TASK TO COMPLETE: The output should be exactly the lines from the one containing "dishes or they cook too" through the last line of the records, and only those.

[Stored records]
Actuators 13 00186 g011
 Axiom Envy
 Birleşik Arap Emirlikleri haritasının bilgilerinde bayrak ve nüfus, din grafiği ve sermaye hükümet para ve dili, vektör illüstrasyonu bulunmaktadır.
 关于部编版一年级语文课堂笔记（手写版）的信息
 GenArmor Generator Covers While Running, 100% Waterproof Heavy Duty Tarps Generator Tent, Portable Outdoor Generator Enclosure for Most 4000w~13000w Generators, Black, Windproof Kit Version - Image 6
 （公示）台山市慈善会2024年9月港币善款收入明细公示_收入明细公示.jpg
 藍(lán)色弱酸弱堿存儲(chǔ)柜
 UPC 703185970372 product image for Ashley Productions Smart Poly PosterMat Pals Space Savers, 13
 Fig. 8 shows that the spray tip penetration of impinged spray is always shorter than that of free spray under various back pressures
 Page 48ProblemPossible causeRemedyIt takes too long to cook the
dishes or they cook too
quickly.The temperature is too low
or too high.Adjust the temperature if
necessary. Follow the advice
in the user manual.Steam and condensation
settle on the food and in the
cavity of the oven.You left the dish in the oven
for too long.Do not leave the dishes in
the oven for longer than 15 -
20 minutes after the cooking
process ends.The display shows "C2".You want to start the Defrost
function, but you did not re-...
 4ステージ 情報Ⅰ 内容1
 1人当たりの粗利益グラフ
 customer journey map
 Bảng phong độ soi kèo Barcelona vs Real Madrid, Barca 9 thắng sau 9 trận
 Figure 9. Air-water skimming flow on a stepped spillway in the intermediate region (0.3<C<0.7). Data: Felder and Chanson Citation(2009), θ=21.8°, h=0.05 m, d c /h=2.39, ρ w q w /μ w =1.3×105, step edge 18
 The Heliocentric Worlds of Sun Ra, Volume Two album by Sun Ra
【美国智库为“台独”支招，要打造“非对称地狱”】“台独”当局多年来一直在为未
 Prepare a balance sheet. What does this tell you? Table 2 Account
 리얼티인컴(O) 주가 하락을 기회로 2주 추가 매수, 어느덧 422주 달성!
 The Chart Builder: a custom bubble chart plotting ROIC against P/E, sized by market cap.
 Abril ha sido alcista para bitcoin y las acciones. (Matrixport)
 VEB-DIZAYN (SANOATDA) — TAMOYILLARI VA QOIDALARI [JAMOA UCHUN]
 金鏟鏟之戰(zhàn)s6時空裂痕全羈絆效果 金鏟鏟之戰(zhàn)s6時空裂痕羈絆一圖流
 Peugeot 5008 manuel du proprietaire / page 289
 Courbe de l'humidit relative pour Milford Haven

EXERCISE RESPONSE:
dishes or they cook too
quickly.The temperature is too low
or too high.Adjust the temperature if
necessary. Follow the advice
in the user manual.Steam and condensation
settle on the food and in the
cavity of the oven.You left the dish in the oven
for too long.Do not leave the dishes in
the oven for longer than 15 -
20 minutes after the cooking
process ends.The display shows "C2".You want to start the Defrost
function, but you did not re-...
 4ステージ 情報Ⅰ 内容1
 1人当たりの粗利益グラフ
 customer journey map
 Bảng phong độ soi kèo Barcelona vs Real Madrid, Barca 9 thắng sau 9 trận
 Figure 9. Air-water skimming flow on a stepped spillway in the intermediate region (0.3<C<0.7). Data: Felder and Chanson Citation(2009), θ=21.8°, h=0.05 m, d c /h=2.39, ρ w q w /μ w =1.3×105, step edge 18
 The Heliocentric Worlds of Sun Ra, Volume Two album by Sun Ra
【美国智库为“台独”支招，要打造“非对称地狱”】“台独”当局多年来一直在为未
 Prepare a balance sheet. What does this tell you? Table 2 Account
 리얼티인컴(O) 주가 하락을 기회로 2주 추가 매수, 어느덧 422주 달성!
 The Chart Builder: a custom bubble chart plotting ROIC against P/E, sized by market cap.
 Abril ha sido alcista para bitcoin y las acciones. (Matrixport)
 VEB-DIZAYN (SANOATDA) — TAMOYILLARI VA QOIDALARI [JAMOA UCHUN]
 金鏟鏟之戰(zhàn)s6時空裂痕全羈絆效果 金鏟鏟之戰(zhàn)s6時空裂痕羈絆一圖流
 Peugeot 5008 manuel du proprietaire / page 289
 Courbe de l'humidit relative pour Milford Haven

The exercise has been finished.